かぼちゃの馬車の物件は、シェアハウスとして非常に使い勝手が悪いといった問題があったばかりか、建材仕様も廉価で、施工も適当な安普請であったにもかかわらず、国土交通省の公表する平均建築単価と比して、著しく高額な価格で売却されていたとされます。要するに、粗悪品が高く売られていたということです。こうしたことも、物件購入に先立ち、購入者において、単価の妥当性について、公表された統計データを用いて少し調べれば、容易に分かることではあります。もっとも、スルガ銀行による杜撰融資もあり、購入者としては、資金調達の目途は容易に得られる状況であったため、不動産賃貸による第二の安定収入が得られるという甘い言葉に惑わされたということも無理からぬ側面もあります。
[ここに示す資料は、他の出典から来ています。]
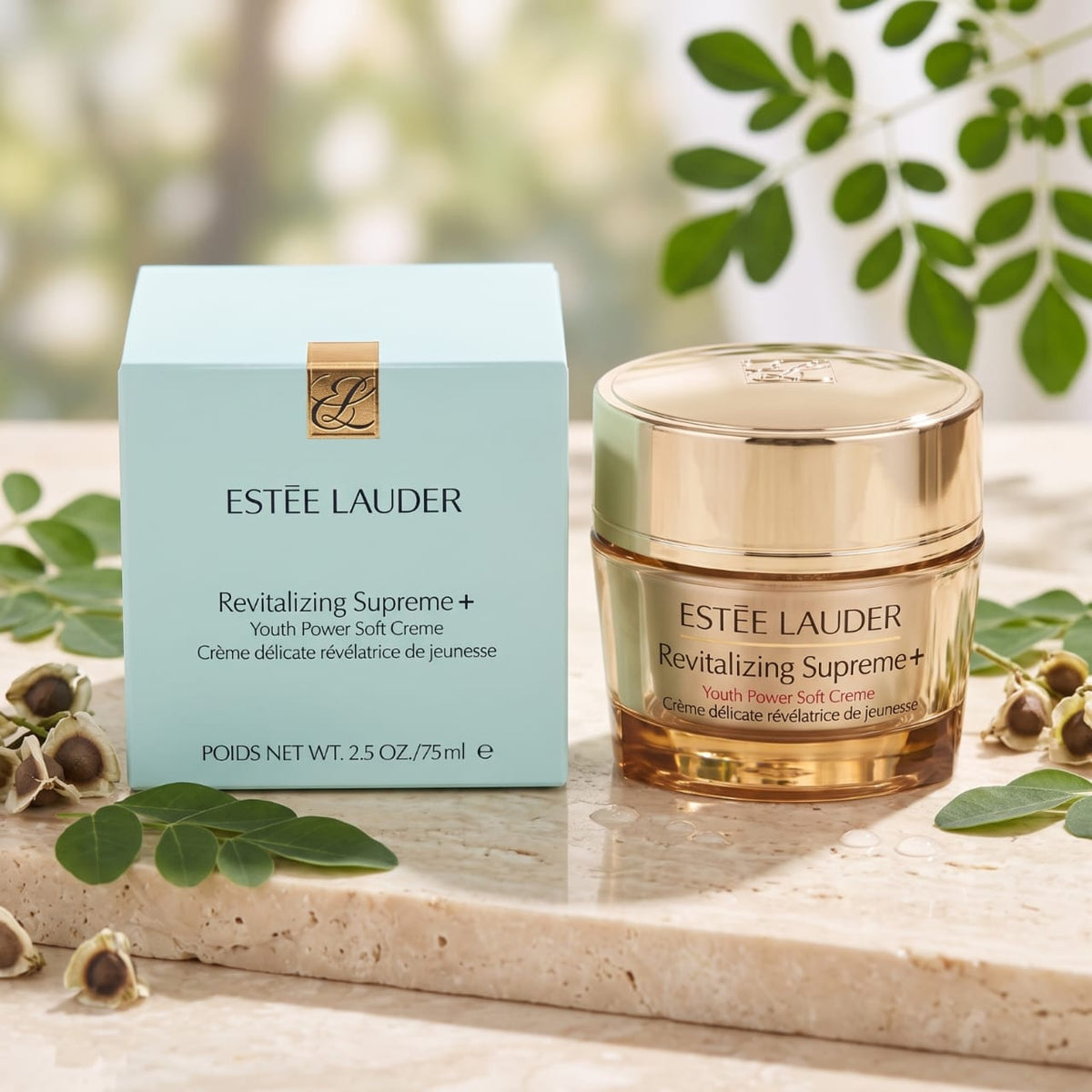 Estée Lauder Revitalizing Supreme+ Youth Power Soft Creme in a gold jar next to its light blue box, styled on a marble surface with green leaves.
いずれにしましても、今後、住宅の賃貸業について業法規制が入ることにより、従前よりは、被害の予防に繋がるはずですが、業法規制がなされようとも、投資は常にリスクを伴いますので、投資に際しては、必ず冷静に検討する時間を設けて、慎重に決定することの大切さを忘れてはいけません。

【参考】賃貸住宅の管理業務等の適正化に関する法律(目的)

第一条 この法律は、社会経済情勢の変化に伴い国民の生活の基盤としての賃貸住宅の役割の重要性が増大していることに鑑み、賃貸住宅の入居者の居住の安定の確保及び賃貸住宅の賃貸に係る事業の公正かつ円滑な実施を図るため、賃貸住宅管理業を営む者に係る登録制度を設け、その業務の適正な運営を確保するとともに、特定賃貸借契約の適正化のための措置等を講ずることにより、良好な居住環境を備えた賃貸住宅の安定的な確保を図り、もって国民生活の安定向上及び国民経済の発展に寄与することを目的とする。

※条文中の「特定賃貸借契約」とは、サブリース契約を指しています。